(Records drawn from a dataset)
((

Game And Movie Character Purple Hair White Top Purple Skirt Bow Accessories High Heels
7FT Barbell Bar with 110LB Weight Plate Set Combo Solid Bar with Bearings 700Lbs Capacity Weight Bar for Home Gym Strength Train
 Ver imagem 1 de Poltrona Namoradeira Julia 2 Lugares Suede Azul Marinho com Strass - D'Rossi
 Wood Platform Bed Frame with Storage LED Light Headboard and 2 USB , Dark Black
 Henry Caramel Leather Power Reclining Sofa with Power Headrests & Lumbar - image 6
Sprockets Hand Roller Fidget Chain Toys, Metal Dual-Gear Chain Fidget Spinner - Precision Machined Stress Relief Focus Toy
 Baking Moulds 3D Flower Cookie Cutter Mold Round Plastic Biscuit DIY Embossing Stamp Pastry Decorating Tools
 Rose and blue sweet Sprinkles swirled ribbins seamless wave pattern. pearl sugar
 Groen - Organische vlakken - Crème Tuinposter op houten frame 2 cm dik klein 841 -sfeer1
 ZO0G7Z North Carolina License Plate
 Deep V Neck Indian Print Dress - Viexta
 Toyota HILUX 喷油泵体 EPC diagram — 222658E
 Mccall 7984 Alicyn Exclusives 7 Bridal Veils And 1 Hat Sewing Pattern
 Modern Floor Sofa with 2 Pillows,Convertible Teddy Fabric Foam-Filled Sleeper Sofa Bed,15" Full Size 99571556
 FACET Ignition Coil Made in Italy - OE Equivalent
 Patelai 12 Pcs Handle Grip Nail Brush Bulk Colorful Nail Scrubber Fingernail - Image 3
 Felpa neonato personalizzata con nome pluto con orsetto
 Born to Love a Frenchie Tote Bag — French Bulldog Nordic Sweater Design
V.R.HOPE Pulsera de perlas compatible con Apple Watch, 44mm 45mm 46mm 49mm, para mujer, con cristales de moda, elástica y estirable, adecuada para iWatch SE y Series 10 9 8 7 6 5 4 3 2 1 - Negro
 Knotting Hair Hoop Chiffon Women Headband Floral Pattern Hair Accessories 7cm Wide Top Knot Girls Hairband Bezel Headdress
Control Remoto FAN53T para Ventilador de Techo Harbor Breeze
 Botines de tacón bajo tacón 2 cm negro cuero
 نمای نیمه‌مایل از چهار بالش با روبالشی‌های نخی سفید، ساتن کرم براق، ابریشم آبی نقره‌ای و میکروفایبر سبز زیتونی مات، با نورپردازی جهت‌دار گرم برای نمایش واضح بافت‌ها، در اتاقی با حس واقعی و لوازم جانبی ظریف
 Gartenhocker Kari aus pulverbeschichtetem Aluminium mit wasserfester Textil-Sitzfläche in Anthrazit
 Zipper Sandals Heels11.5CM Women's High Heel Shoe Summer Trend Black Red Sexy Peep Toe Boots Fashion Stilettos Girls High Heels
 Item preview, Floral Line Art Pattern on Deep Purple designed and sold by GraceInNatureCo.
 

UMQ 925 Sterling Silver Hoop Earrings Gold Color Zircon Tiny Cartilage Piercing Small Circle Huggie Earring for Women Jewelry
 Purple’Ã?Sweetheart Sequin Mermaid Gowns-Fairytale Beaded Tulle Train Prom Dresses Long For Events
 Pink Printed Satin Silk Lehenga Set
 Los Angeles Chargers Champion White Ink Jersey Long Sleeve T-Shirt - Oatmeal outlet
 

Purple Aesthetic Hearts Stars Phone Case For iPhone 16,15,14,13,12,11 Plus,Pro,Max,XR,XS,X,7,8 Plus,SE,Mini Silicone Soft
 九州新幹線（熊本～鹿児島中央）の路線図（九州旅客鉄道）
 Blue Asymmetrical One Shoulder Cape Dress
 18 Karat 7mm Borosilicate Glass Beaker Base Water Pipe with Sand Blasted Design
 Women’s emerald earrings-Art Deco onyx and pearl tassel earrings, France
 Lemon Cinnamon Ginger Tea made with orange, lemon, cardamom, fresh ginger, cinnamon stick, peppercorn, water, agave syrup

))

= Exercise details =
For the string "Train", go through the entries above and copy each line where it occurs.

= Output for this task =
7FT Barbell Bar with 110LB Weight Plate Set Combo Solid Bar with Bearings 700Lbs Capacity Weight Bar for Home Gym Strength Train
 Purple’Ã?Sweetheart Sequin Mermaid Gowns-Fairytale Beaded Tulle Train Prom Dresses Long For Events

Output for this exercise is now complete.